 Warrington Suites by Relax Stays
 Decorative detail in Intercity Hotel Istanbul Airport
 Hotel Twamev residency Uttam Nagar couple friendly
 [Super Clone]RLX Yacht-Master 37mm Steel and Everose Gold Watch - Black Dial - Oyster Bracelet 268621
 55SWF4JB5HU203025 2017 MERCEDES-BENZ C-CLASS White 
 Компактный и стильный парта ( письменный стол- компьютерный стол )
* * *
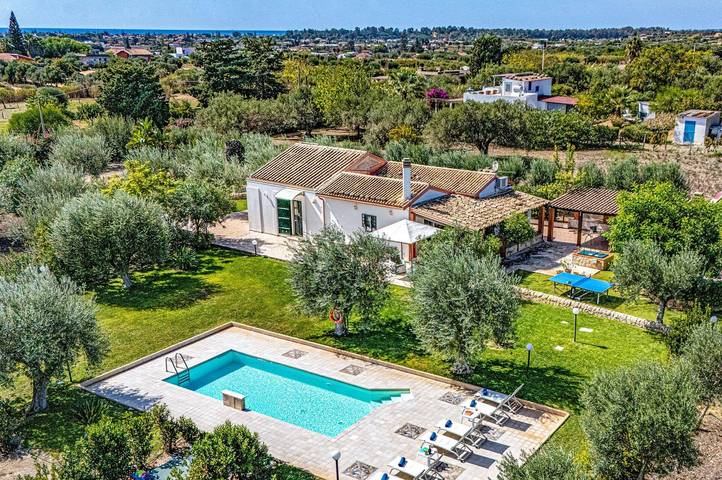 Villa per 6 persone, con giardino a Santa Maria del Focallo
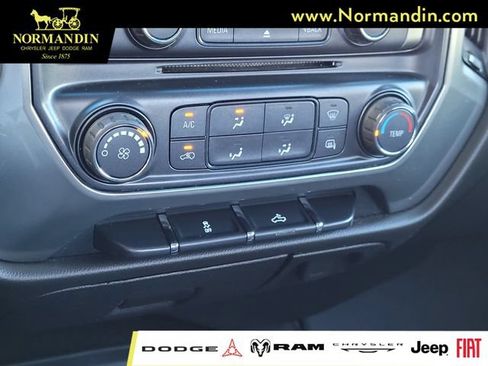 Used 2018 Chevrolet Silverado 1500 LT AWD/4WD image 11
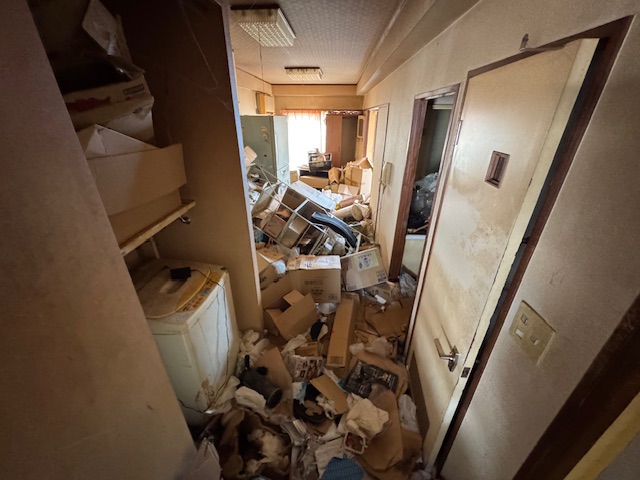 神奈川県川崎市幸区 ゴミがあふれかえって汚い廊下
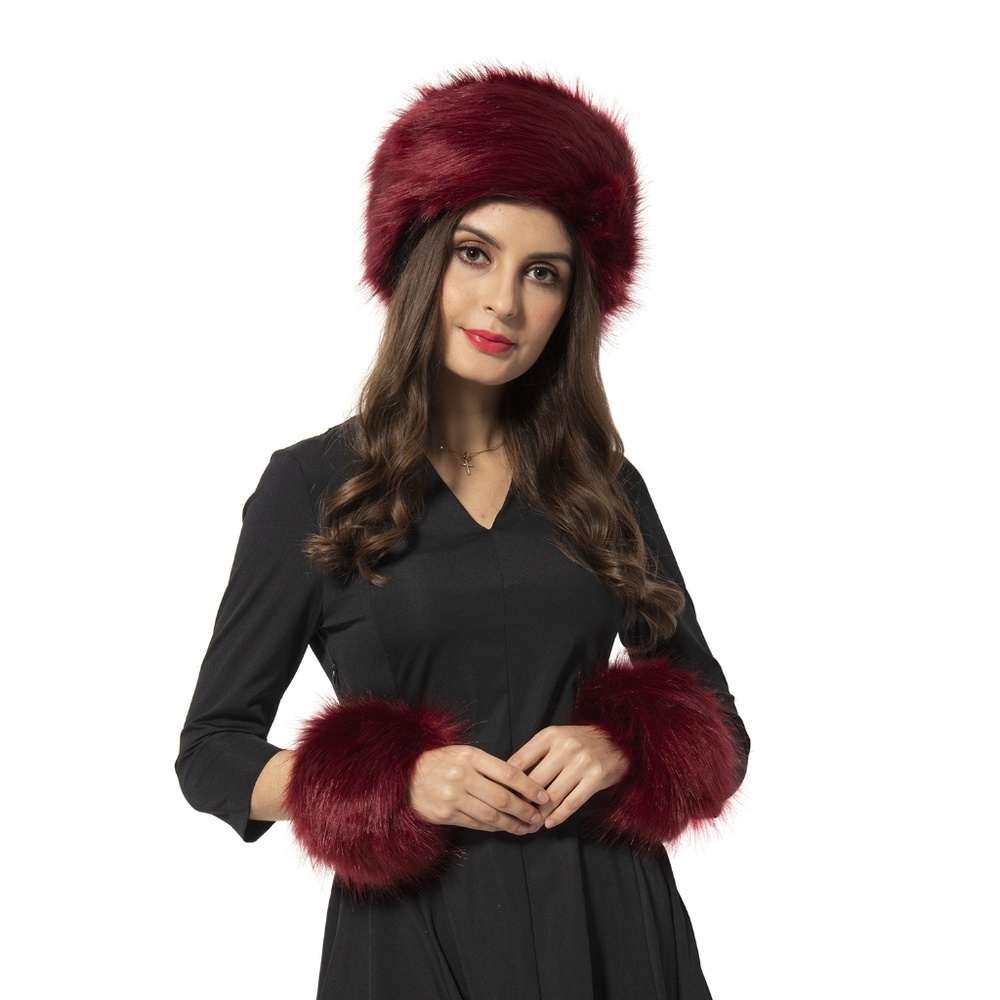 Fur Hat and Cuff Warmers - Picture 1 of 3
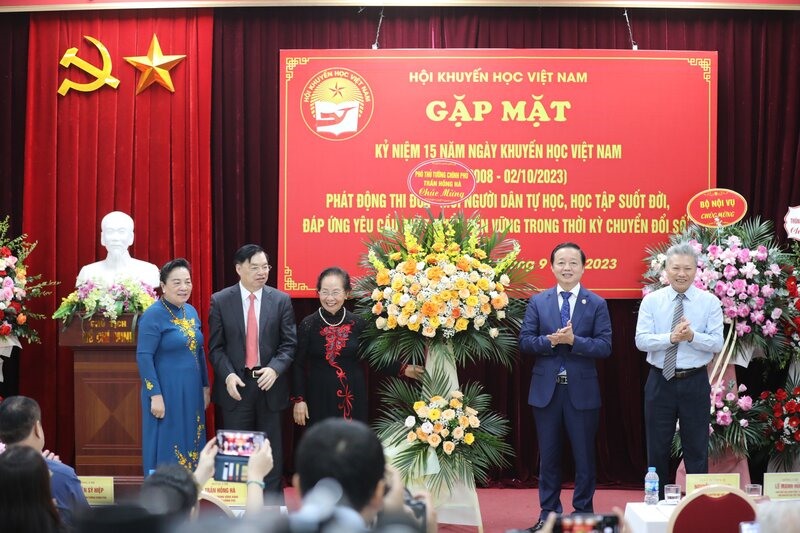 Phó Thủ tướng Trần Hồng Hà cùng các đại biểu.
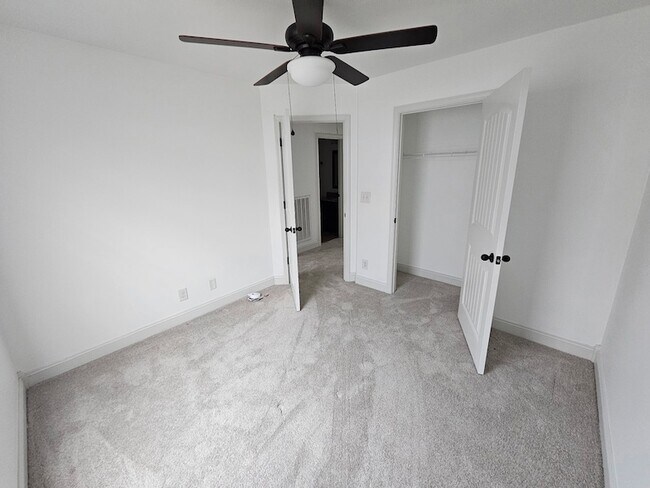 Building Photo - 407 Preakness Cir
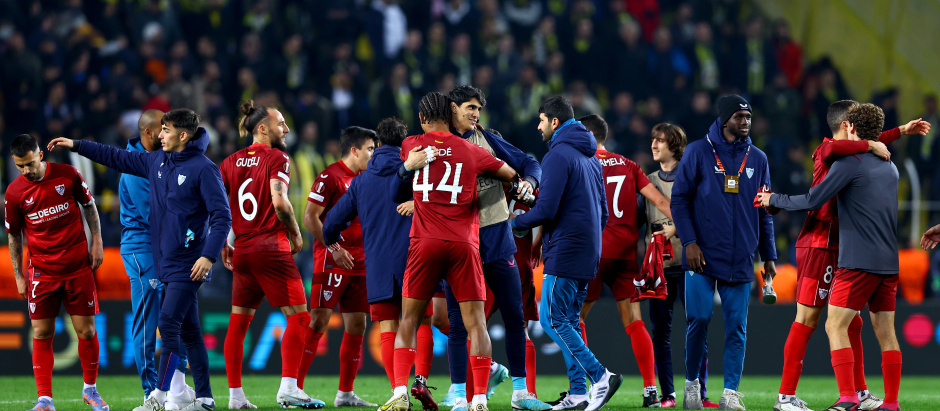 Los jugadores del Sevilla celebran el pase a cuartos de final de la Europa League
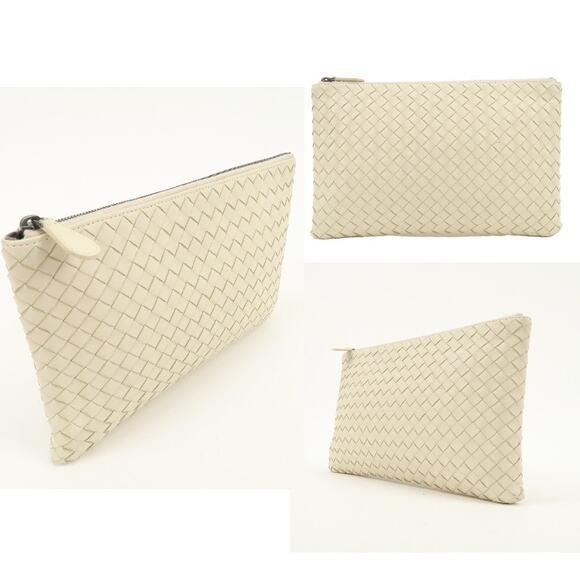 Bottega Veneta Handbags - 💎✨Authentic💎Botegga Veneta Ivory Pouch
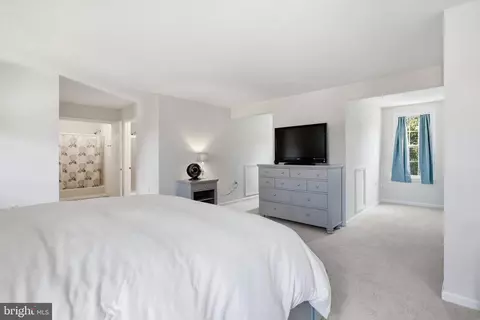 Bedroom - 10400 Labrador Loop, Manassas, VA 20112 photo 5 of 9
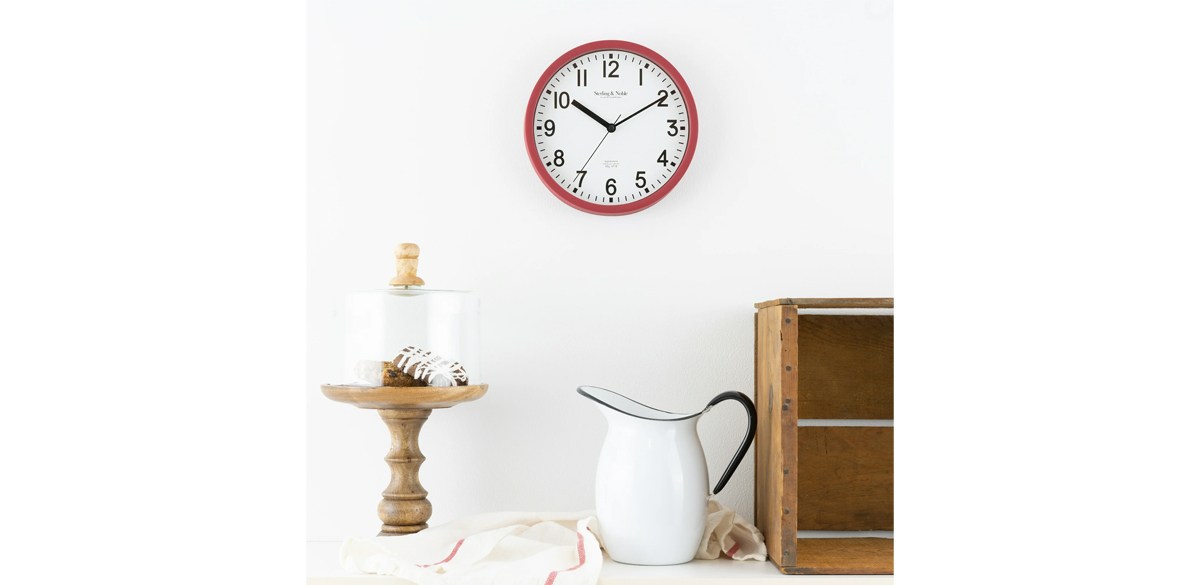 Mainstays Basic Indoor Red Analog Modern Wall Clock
* * *
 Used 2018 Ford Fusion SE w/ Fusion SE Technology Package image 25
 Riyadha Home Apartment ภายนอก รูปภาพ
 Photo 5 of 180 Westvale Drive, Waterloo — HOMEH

■ **GOAL OF THE EXERCISE**
Only the lines holding the word "Hotel" belong in the answer; copy them from the listing above.

■ **ANSWER FOR THE TASK**
 Decorative detail in Intercity Hotel Istanbul Airport
 Hotel Twamev residency Uttam Nagar couple friendly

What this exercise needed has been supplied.